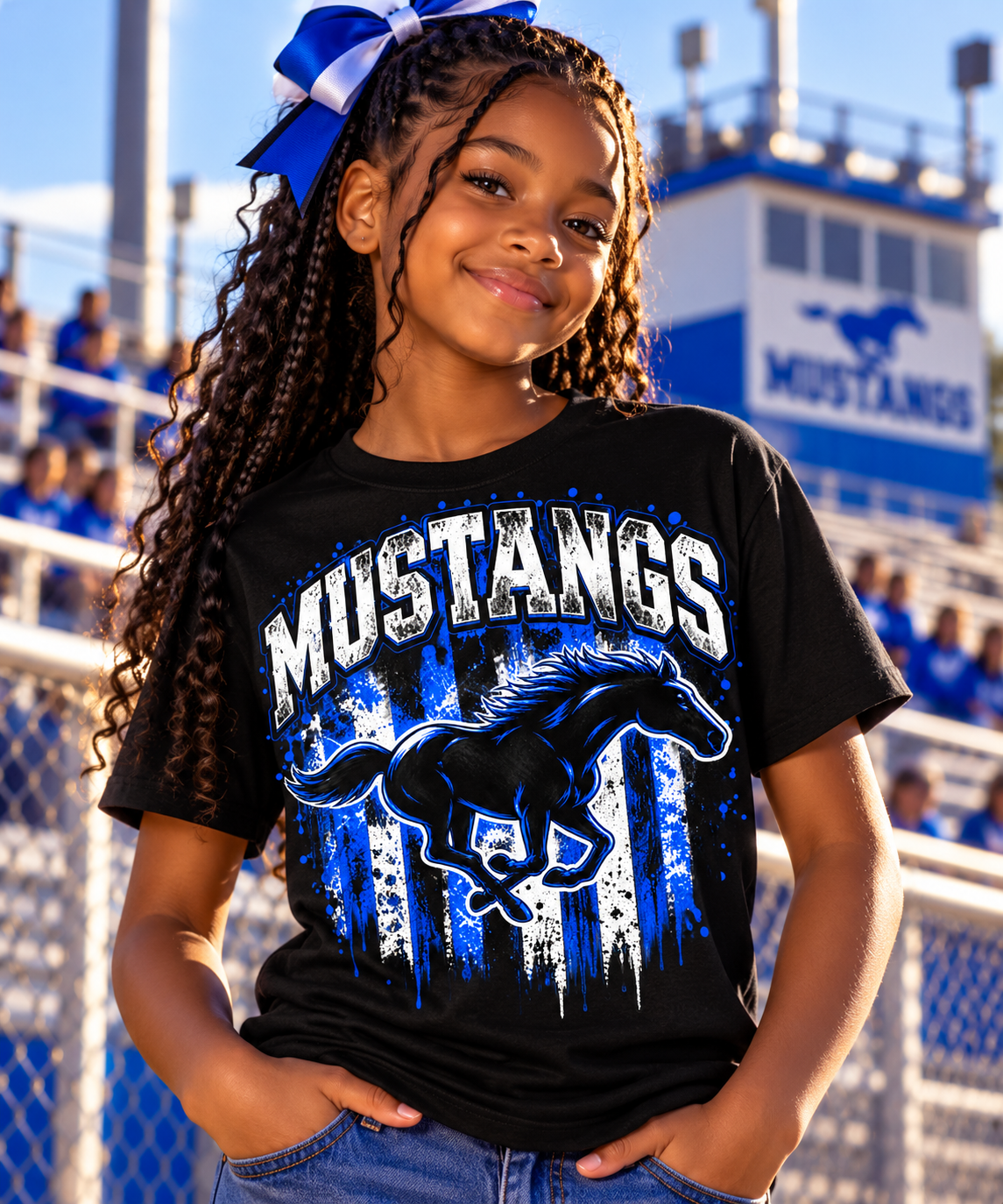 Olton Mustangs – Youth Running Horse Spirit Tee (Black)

◆ ◆ ◆ ◆ ◆ ◆ ◆

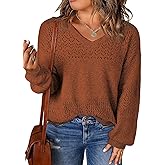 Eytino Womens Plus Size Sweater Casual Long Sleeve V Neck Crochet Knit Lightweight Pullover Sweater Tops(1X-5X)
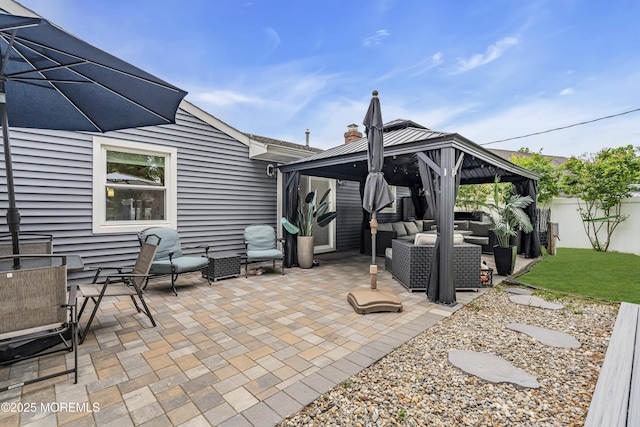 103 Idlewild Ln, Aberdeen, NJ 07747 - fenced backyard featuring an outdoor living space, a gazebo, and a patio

◆ ◆ ◆ ◆ ◆ ◆ ◆

What this task involves: With the pictures omitted, print the lines above exactly, beginning at the line with "Eytino Womens Plus" and going on through the line with "103 Idlewild Ln, Aberdeen, NJ".

Task solution:
 Eytino Womens Plus Size Sweater Casual Long Sleeve V Neck Crochet Knit Lightweight Pullover Sweater Tops(1X-5X)
 103 Idlewild Ln, Aberdeen, NJ 07747 - fenced backyard featuring an outdoor living space, a gazebo, and a patio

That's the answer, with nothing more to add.